“Twenty-five years ago, when Zong Qinghou was 42, he made his living selling soft drinks and popsicles to schoolchildren. He says he earned about $8 a month — less than a third of China’s average wage at the time — and was so broke that he once slept in a tunnel under the streets of Beijing rather than spend on a hotel.
“Today, Zong, 67, is still selling soda — and lots of other things — as the wealthiest man in mainland China, Bloomberg Markets magazine reports in its December cover package, “The World’s Richest People.” His net worth of $20.1 billion as of Oct. 5 ranks him No. 30 in the world…”
The responsible trader puts risk control first. That means staying clearheaded in respect to potential outcomes, refusing to “drink the kool-aid” while everyone else chugs it.

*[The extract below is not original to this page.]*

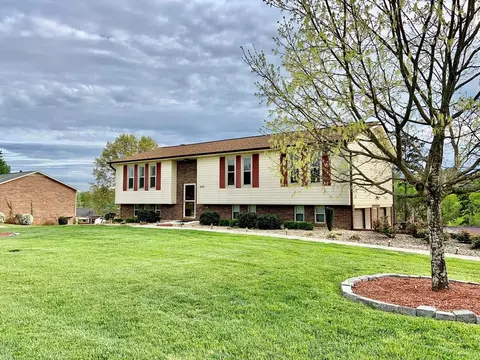 699 Barbara Dr, Talbott, TN 37877 photo 1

Given the need for realism, though, it’s good to temper cynicism with awareness of what’s possible… the potential in what could happen, with hard work, if things really go right.

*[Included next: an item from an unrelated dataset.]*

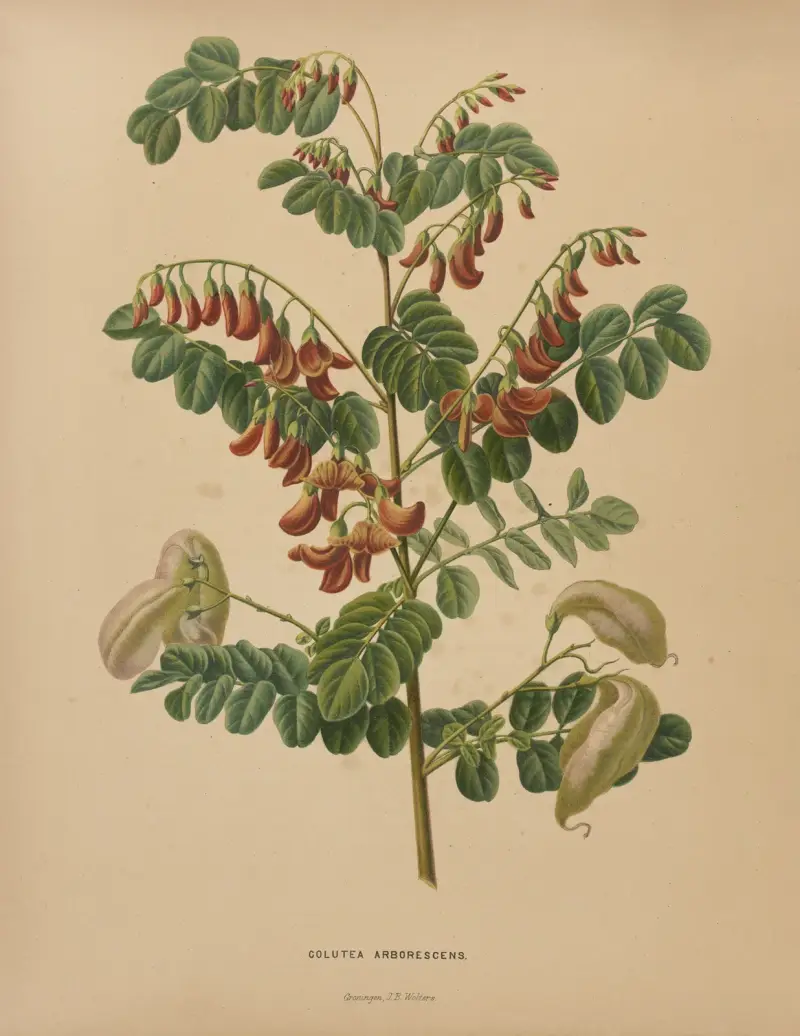 Colutea Arborescens, Abraham Jacobus Wendel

In that regard, extreme success outliers are not to be envied or copycatted — obviously one needs a lot of fortuitous circumstance (plus the hard work) to do what Zong did.
Instead, fat tail successes serve as a useful reminder that perhaps, just perhaps, outlandish aspirations are not so outlandish… and could even be modest in respect to what’s been done.
After all, if a man in China can go from making $8 a month at age 42, to being worth $20 billion at age 67, who is to say what you or I might achieve?